SS: you know, definitely you know, pitching just like I did in college; it's pretty much the same as it was and it'll always be the same out there; obviously you're facing . . . better competition up here, and obviously there's a lot more fans in the stands, too.
THAT'S A GOOD SIGN.
SS: Oh yeah.
BECAUSE OF THE ATTENTION ON YOU, YOU'RE KINDA LIKE THE LEBRON JAMES OF BASEBALL. IT'S LIKE EVERY GAME THAT YOU PITCH IS AN EVENT. WHAT'S THE BEST ADVICE YOU'VE GOT FOR DEALING WITH THE KIND OF SCRUTINY YOU'RE GETTING?
SS: well I think about two years ago Tony Gwinn told me, 'Would you rather be batting .250 and nobody talking to you or batting .350 and having everybody talk to you?' And when you really think about it, you wanna be successful out there, so it's just something that's part of the game.
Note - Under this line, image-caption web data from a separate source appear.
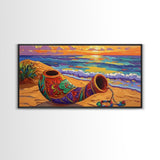 Horn Sand, Sunset, Shore, Framed Canvas Print boho beach decor, living room Mexican art, coastal horn painting, rustic folk art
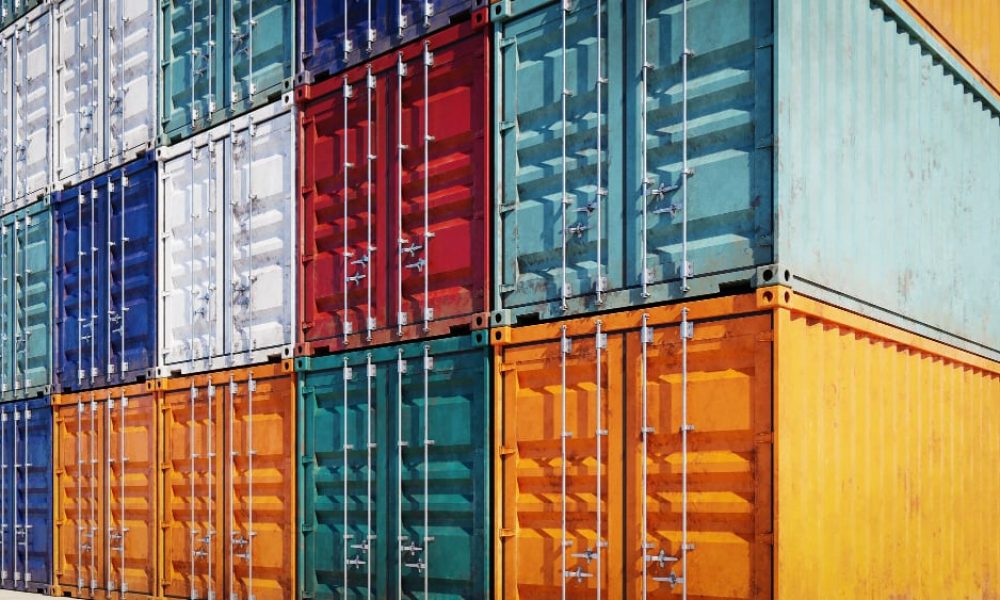 container-box-logistic-import-export-3d-rendering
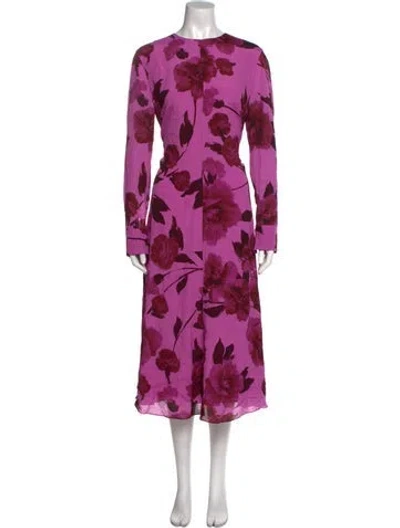 Pre-owned Erdem Floral Print Long Dress In Purple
You have to talk to the media and they're gonna want to talk to you.
YEAH WE DON'T ALLOW .250 HITTERS ON THIS SHOW. (FLORIDA QB TIM) TEBOW GETS DRAFTED IN THE FIRST ROUNDAND THERE WAS SOME TALK ABOUT HIS MECHANICS. AND YOU GET DRAFTED AND SOME OF THE DISCUSSION ON YOU IS THIS 'INVERTED W' – AND I DON'T EVEN KNOW IF YOU KNOW WHAT THAT MEANS, BUT THERE WAS DISCUSSION ABOUT YOUR MECHANICS. THE SAME WAY THAT HE (TEBOW) MADE SOME ADJUSTMENTS – DID YOU HAVE TO DO ANYTHING? DID YOU NOT BUY IT? DID IT MEAN ANYTHING TO YOU WHEN THEY WERE TALKING ABOUT THIS (picture of SS's posture while pitching)? DO YOU KNOW WHAT IT IS?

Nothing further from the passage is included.